Dans une avancée diplomatique significative, les députés russes ont voté ce mardi une loi permettant aux autorités de retirer temporairement les talibans de la liste des organisations interdites en Russie. Cette décision intervient alors que le président Vladimir Poutine a exprimé sa volonté de renforcer la coopération avec l’Afghanistan, isolé sur la scène internationale depuis le retour au pouvoir des talibans en 2021.
Une loi pour assouplir les relations avec les talibans
Le texte de loi, approuvé en deuxième et troisième lecture par la Douma, la chambre basse du Parlement russe, ouvre la voie à une normalisation des relations entre Moscou et le gouvernement taliban. Selon cette nouvelle législation, l’interdiction d’une organisation sur le sol russe pourra désormais être « temporairement suspendue » par une décision de justice en cas « de preuves réelles » que le groupe en question « a cessé de mener des activités visant à la propagande, à l’apologie et au soutien du terrorisme ».
Cette évolution législative fait suite à la visite du secrétaire du Conseil de sécurité russe, Sergueï Choïgou, à Kaboul fin novembre. Lors de ce déplacement, il avait affirmé que Moscou allait « bientôt » retirer les talibans de la liste des organisations interdites en Russie, sur laquelle ils figuraient depuis 2003.
Vers une reconnaissance du gouvernement taliban ?
Si la loi votée par les députés russes est un pas significatif vers une normalisation des relations avec les talibans, elle n’équivaut toutefois pas à une reconnaissance formelle du gouvernement taliban, ni de l' »Émirat islamique d’Afghanistan ». La Russie semble néanmoins prête à aller plus loin dans sa coopération avec le régime en place à Kaboul.
En juillet, le président russe Vladimir Poutine avait dit considérer les talibans comme des « alliés dans la lutte contre le terrorisme ».
De son côté, le ministre russe des Affaires étrangères Sergueï Lavrov avait appelé début octobre l’Occident à lever les sanctions visant l’Afghanistan et à prendre la « responsabilité » de la reconstruction de ce pays ravagé par des décennies de guerre.
L’Asie centrale aussi concernée
Les alliés de la Russie en Asie centrale, voisins de l’Afghanistan, cherchent eux aussi à améliorer leurs relations avec les talibans. Le Kazakhstan a ainsi retiré le groupe de sa propre liste de groupes « terroristes » interdits en décembre 2023, ouvrant la voie à une coopération renforcée dans la région.

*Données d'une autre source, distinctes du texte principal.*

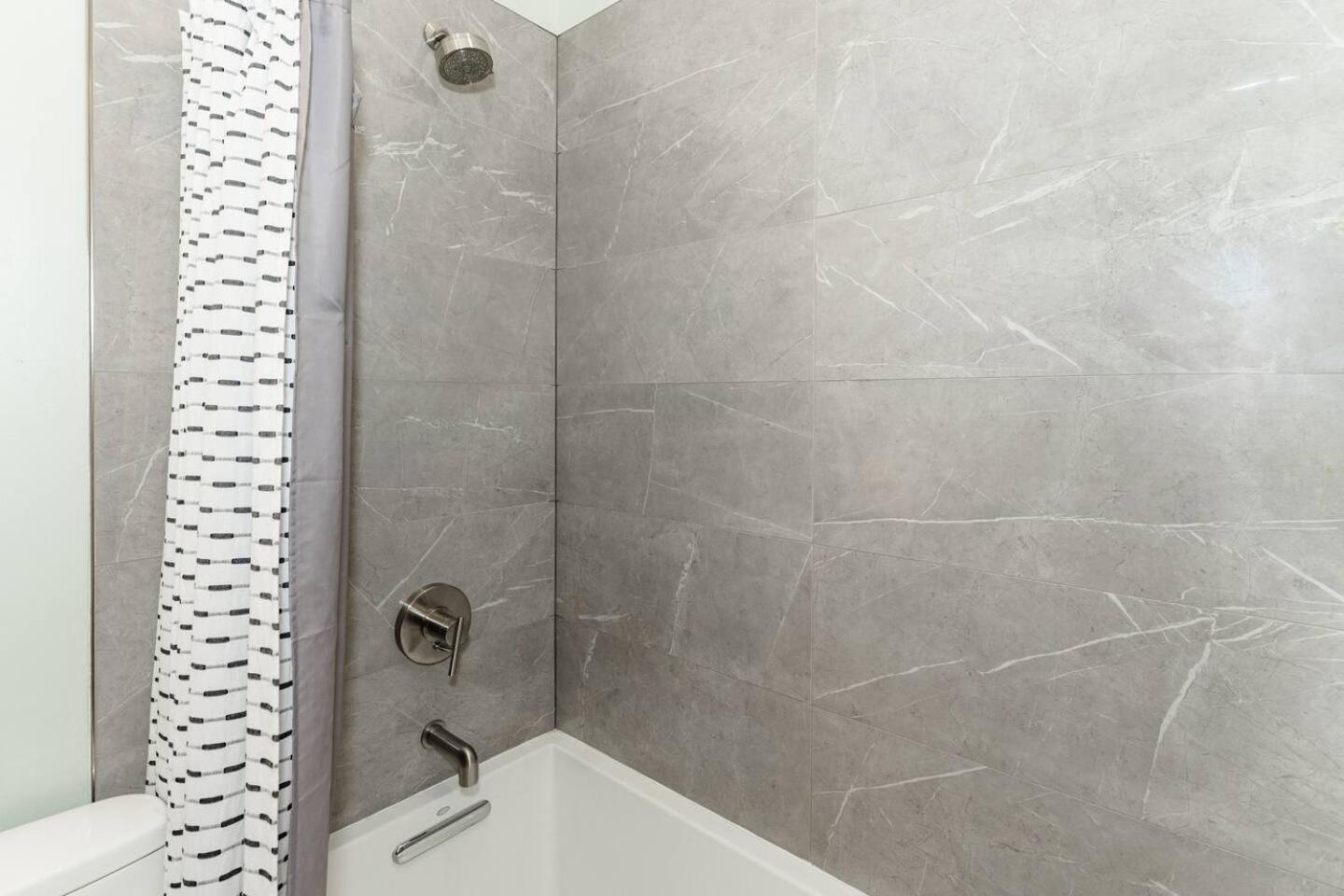 Luxury 4br - Washington Park - Walk Everywhere Holiday home *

Il faut rappeler que l’Union soviétique a mené dans les années 1980 une guerre de 10 ans en Afghanistan, et que de nombreux combattants anti-soviétiques de l’époque sont devenus par la suite des dirigeants des talibans. La Russie post-soviétique cherche aujourd’hui à retrouver une influence dans ce pays stratégique, au carrefour de l’Asie centrale et du sous-continent indien.
Les enjeux pour Moscou
En tendant la main aux talibans, la Russie poursuit plusieurs objectifs :
- Lutter contre le terrorisme et l’instabilité à ses frontières sud
- Développer les échanges économiques et commerciaux avec l’Afghanistan
- Contrer l’influence des puissances occidentales dans la région
- Renforcer son rôle d’acteur incontournable en Asie centrale
Le vote de cette loi par les députés russes marque donc un tournant dans la politique étrangère de Moscou vis-à-vis de l’Afghanistan post-talibans. Reste à voir comment cette ouverture diplomatique se traduira concrètement sur le terrain, dans un pays toujours en proie à de nombreux défis sécuritaires, économiques et humanitaires.